____ Records provided

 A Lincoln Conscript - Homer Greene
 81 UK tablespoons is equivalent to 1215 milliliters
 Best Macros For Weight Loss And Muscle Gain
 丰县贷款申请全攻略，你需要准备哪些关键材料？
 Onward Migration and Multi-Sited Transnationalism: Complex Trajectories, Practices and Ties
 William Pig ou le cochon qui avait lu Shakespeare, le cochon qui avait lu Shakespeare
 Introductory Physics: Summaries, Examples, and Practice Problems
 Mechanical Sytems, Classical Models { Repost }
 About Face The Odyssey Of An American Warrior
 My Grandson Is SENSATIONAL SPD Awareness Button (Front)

________
____ Records provided

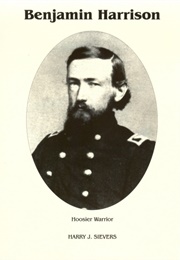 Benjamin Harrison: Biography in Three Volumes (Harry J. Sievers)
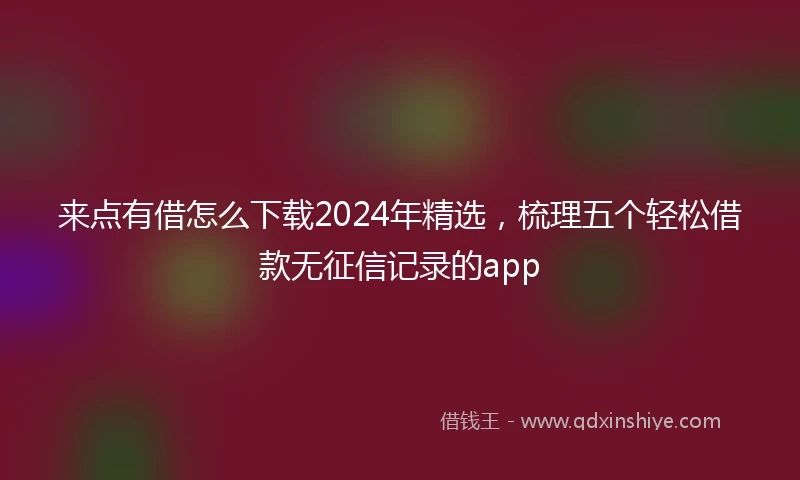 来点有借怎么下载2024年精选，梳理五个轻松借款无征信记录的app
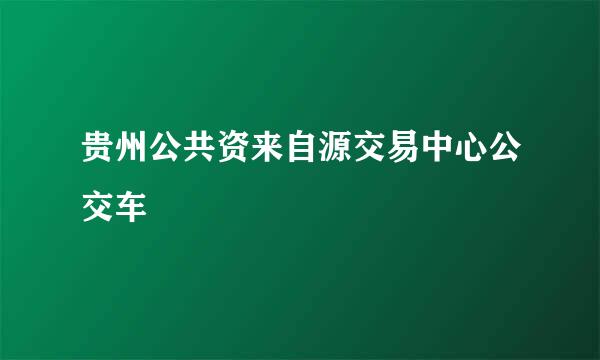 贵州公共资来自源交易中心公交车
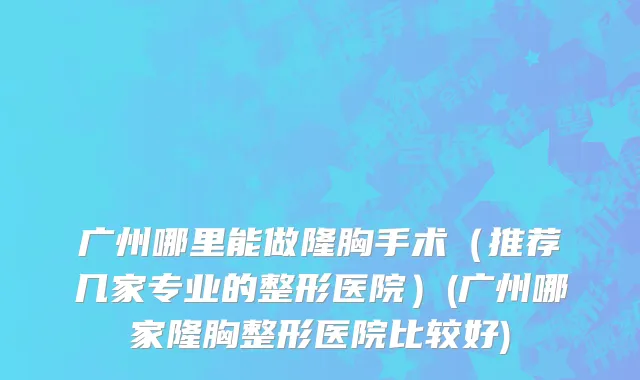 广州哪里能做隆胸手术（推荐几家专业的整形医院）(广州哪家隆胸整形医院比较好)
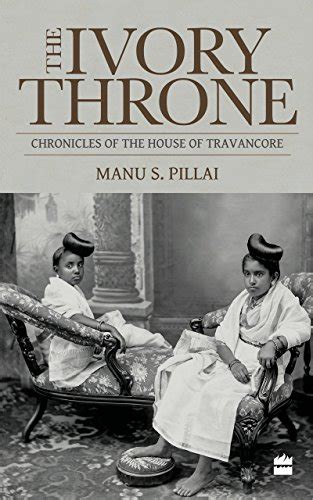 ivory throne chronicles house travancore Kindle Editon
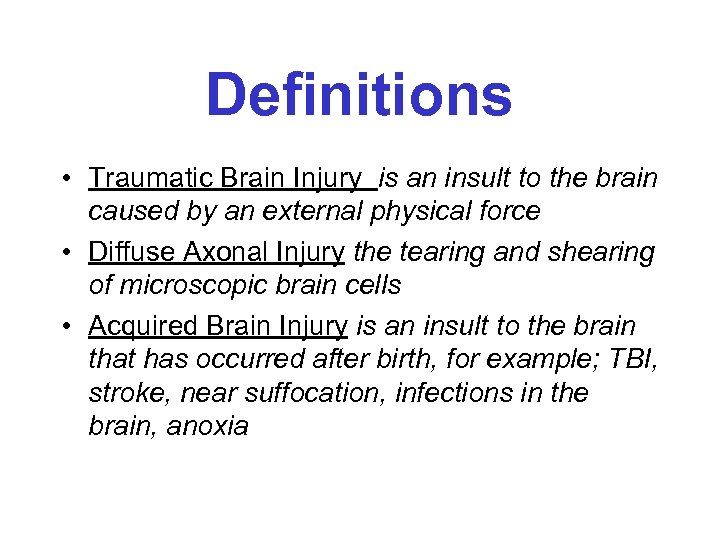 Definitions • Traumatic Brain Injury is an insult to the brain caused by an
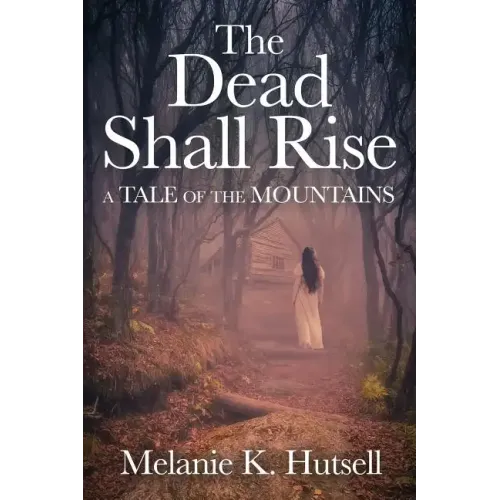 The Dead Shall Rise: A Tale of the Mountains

________

Working from the data above, extract solely the lines from the one containing "About Face The" through the one containing "My Grandson Is", exactly as they appear, both included.

 About Face The Odyssey Of An American Warrior
 My Grandson Is SENSATIONAL SPD Awareness Button (Front)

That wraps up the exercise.